I've hunted Cohutta a few times.  Typically Cohutta has more bear and hog than deer, BUT, because of the lack of pressure the deer that are there are BIG.  There was a story this past year in GON about a older man that hunted wayyyy back in there and got a nice B&C buck out of there.  

There's also a guy "couple" (not that kind) that have gotten many record book bucks out of Cohutta.  

Gotta scout, and be prepared to walk a long way and better be in shape for Cohutta.  

The old man said he wears out a pair of boots every season just scouting Cohutta.


----------



## SLC23 (Jul 26, 2008)

thanks i didnt think any body was gonna reply.

how big is it and could you set up a blind there.


----------



## srss (Jul 26, 2008)

I have hunted cohutta a good bit and seen more bear than deer. I think its 96,000 acres and you could set up a blind.
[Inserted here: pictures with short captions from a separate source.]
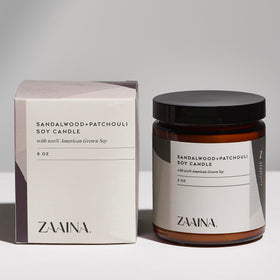 ZAAINA sandalwood candle lit to create a calming atmosphere and stress-relief benefit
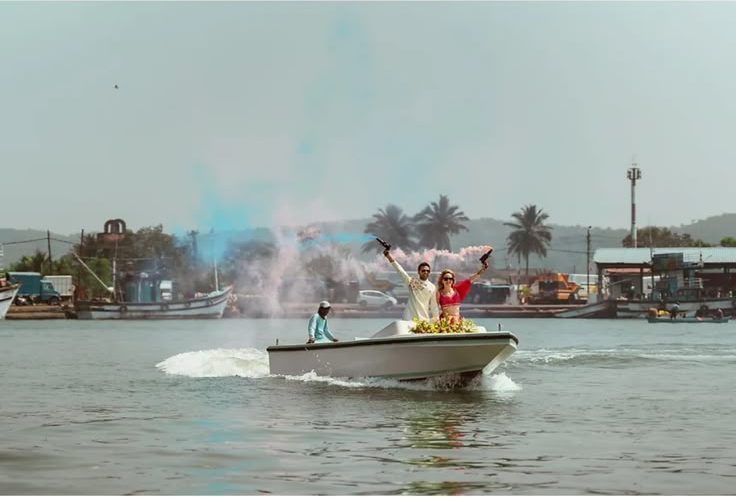 The couple arriving by speedboat with coloured smoke flares on the water in Goa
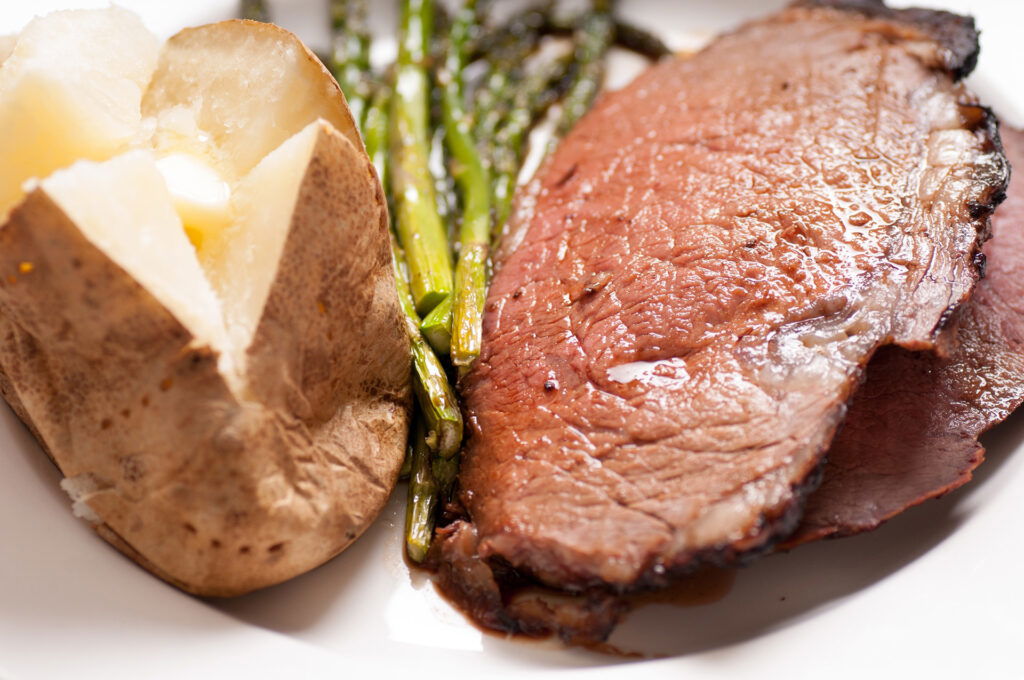 Prime rib dinner with baked potato and asparagus
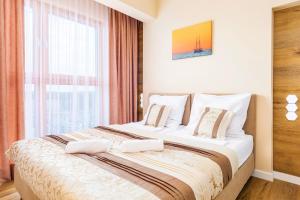 Posteľ alebo postele v izbe v ubytovaní Platan Tower Baltic & More Apartments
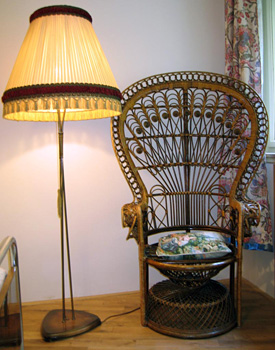 
Master bedroom detail picture of Art Deco wicker chair and lamp in Benediktska 2 Apartment in Prague, a Prague rental apartment close to Prague’s Tyn Church, Obecni Dum and Charles Bridge.  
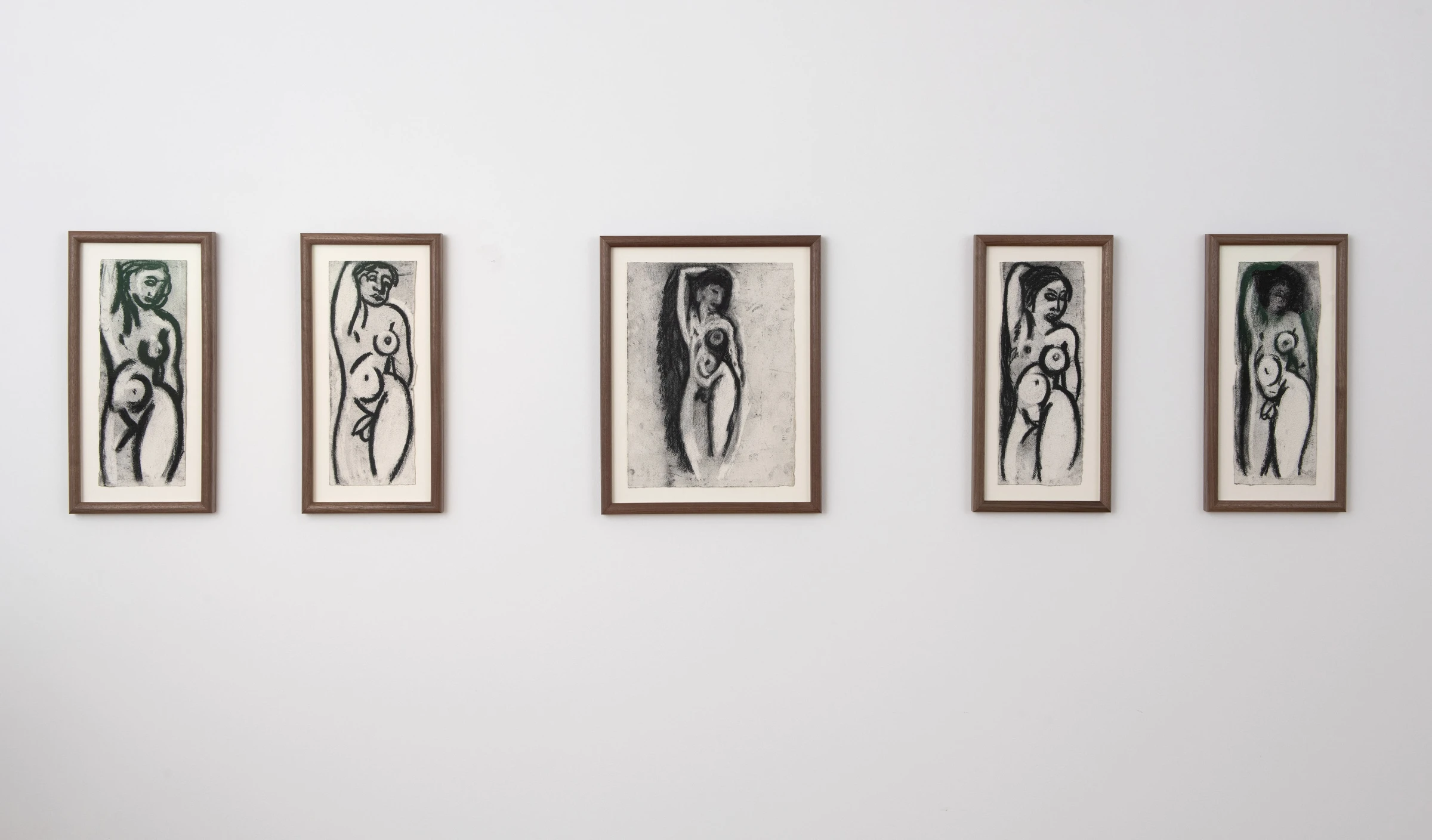 Four framed black-and-white artworks of abstract female figures line a white wall, showcasing bold lines and curvaceous forms.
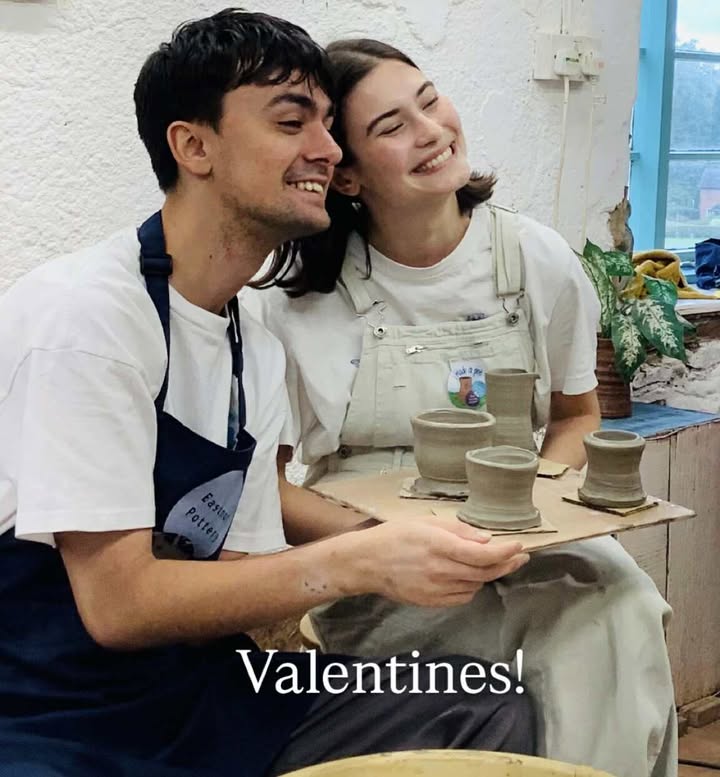 A happy young couple holding up a board of four freshly thrown pots.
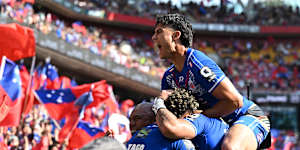 Izack Tago celebrates a try for Samoa.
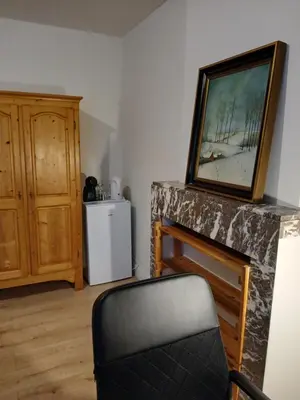 a room with a fireplace with a picture on the wall at Bloemetje in Asse
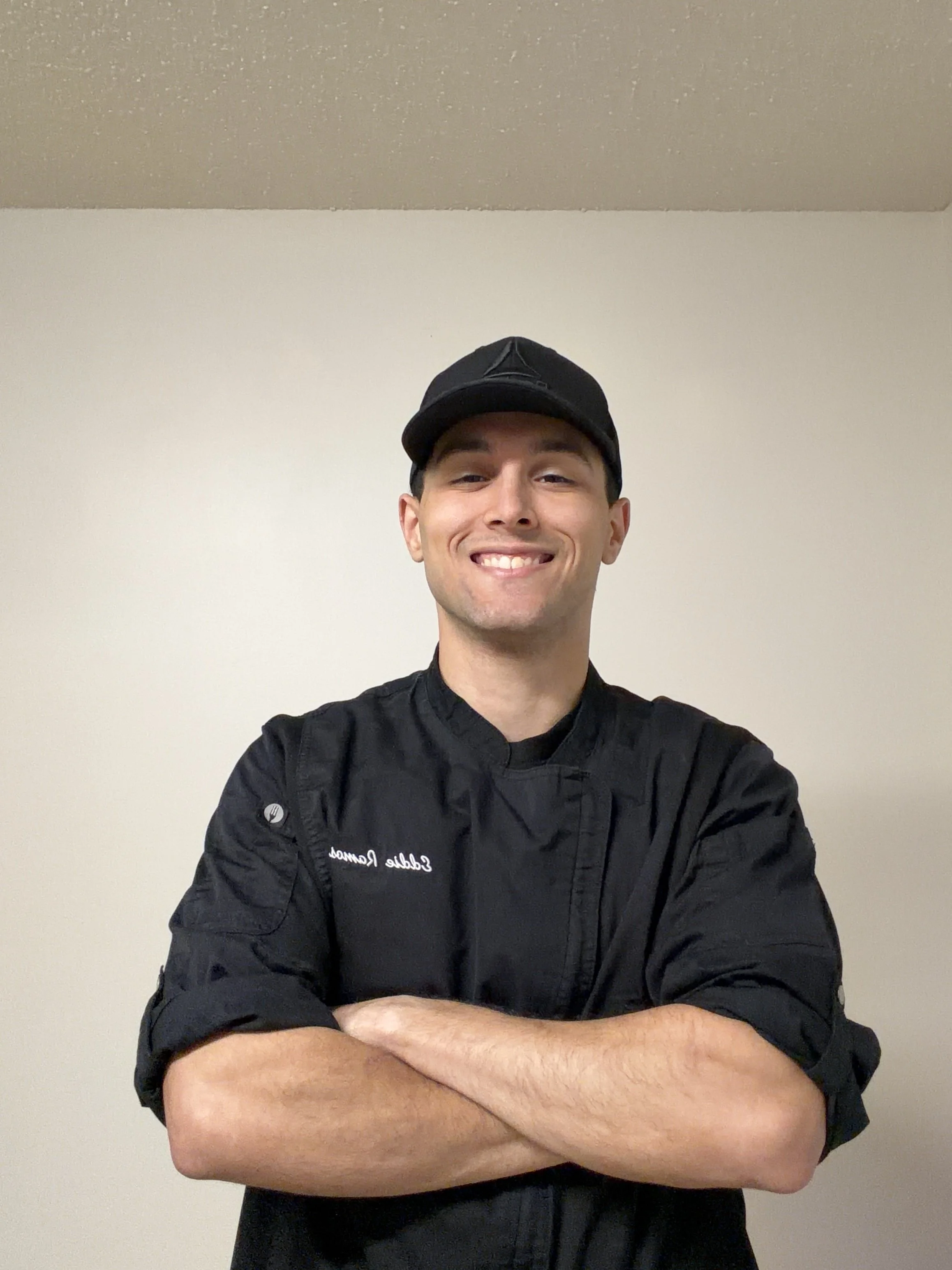 A smiling man in a black chef's jacket and black cap standing with his arms crossed in front of a plain white wall.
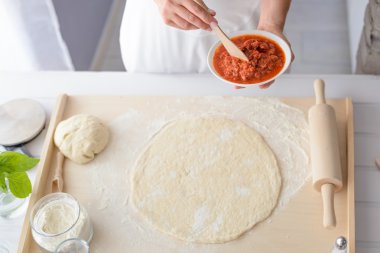 Kadın pizza üzerine domates sosu ekleme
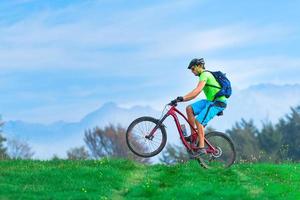 um jovem macho andando de bicicleta de montanha foto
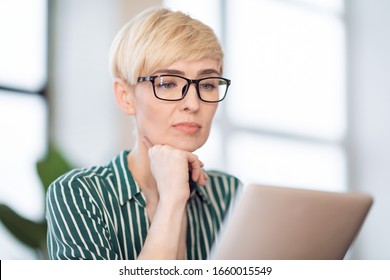 Middle-Aged Entrepreneur Lady Using Tablet Computer Reading Business News Online Sitting At Workplace Indoor. Selective Focus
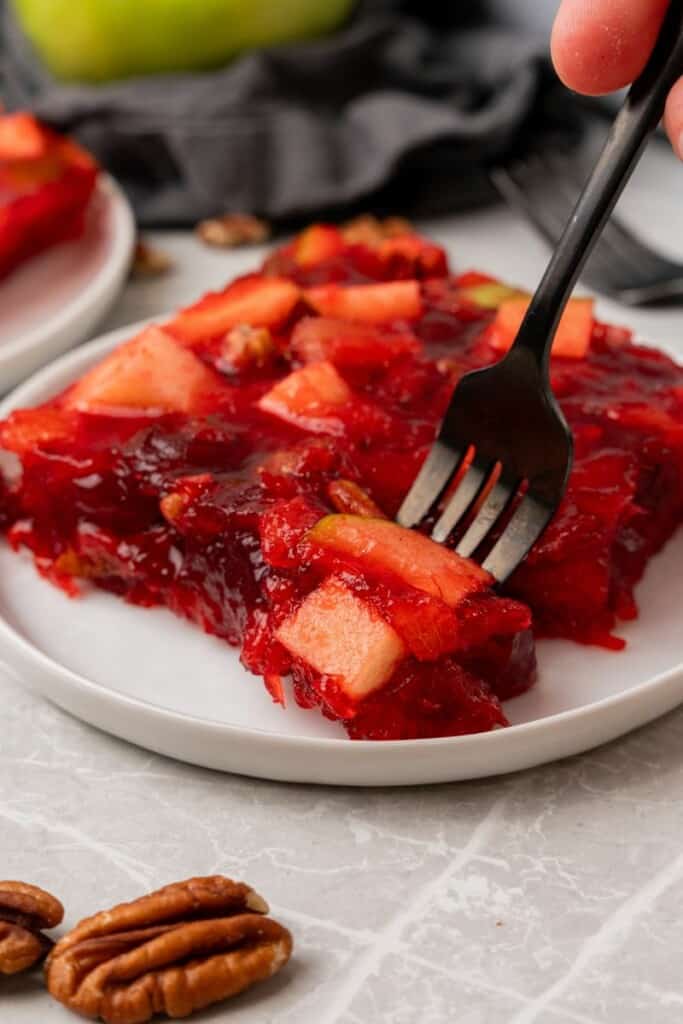A fork taking a bite of jello salad from the serving on a white saucer.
Be prepared for a lot of steep climbing.


----------



## SLC23 (Jul 26, 2008)

if your deer hunting and a bear charges you can you legally kill it


----------



## merc123 (Jul 27, 2008)

Cohutta is HUGE.  You can use a blind if you want.  I've sat on the ground and used a tree stand.  Only reason I used the treestand was I didn't want to encounter the hog with a bow on the ground 

Also, the way I look at bear "attacks" is...It's my life or theirs.  I will go to jail if I need to.


----------



## xhunterx (Jul 27, 2008)

usually when cohutta is open its for buck, bear and hog all at once so most cases a bear is legal if your deer hunting. the bear on cohutta are wild and will run like a horse away from you if they scent you or find out your around.  there are lots of old logging roads and hiking trails that provide pretty good access, but you don't want to lug a stand far. the deer aren't as populated as they used to be but its the kind of area where the buck you see might be a small spike or could be a trophy 10 pointer. lots of both but not easy to get.


----------



## BURRUSS (Sep 17, 2008)

*Ttt*

Ttt


----------



## whitetailfreak (Sep 19, 2008)

if you arn't after bear, save cohutta for a springtime trout fishing trip


----------



## dannyray49 (Sep 19, 2008)

*cohutta*

what are you hunting 2 legged dear or 4  legged deer. just kidding


----------



## murray_deerhunter08 (Sep 20, 2008)

there are a few deer up there though,i shot this 11 pointer last year up on windy gap,its hard hunting too.......http://forum.gon.com/showthread.php?p=2539809#post2539809


----------



## rabbithunter01 (Dec 13, 2008)

picture of a 9 pointer taken a potato patch on cohutta wma hunt in October


----------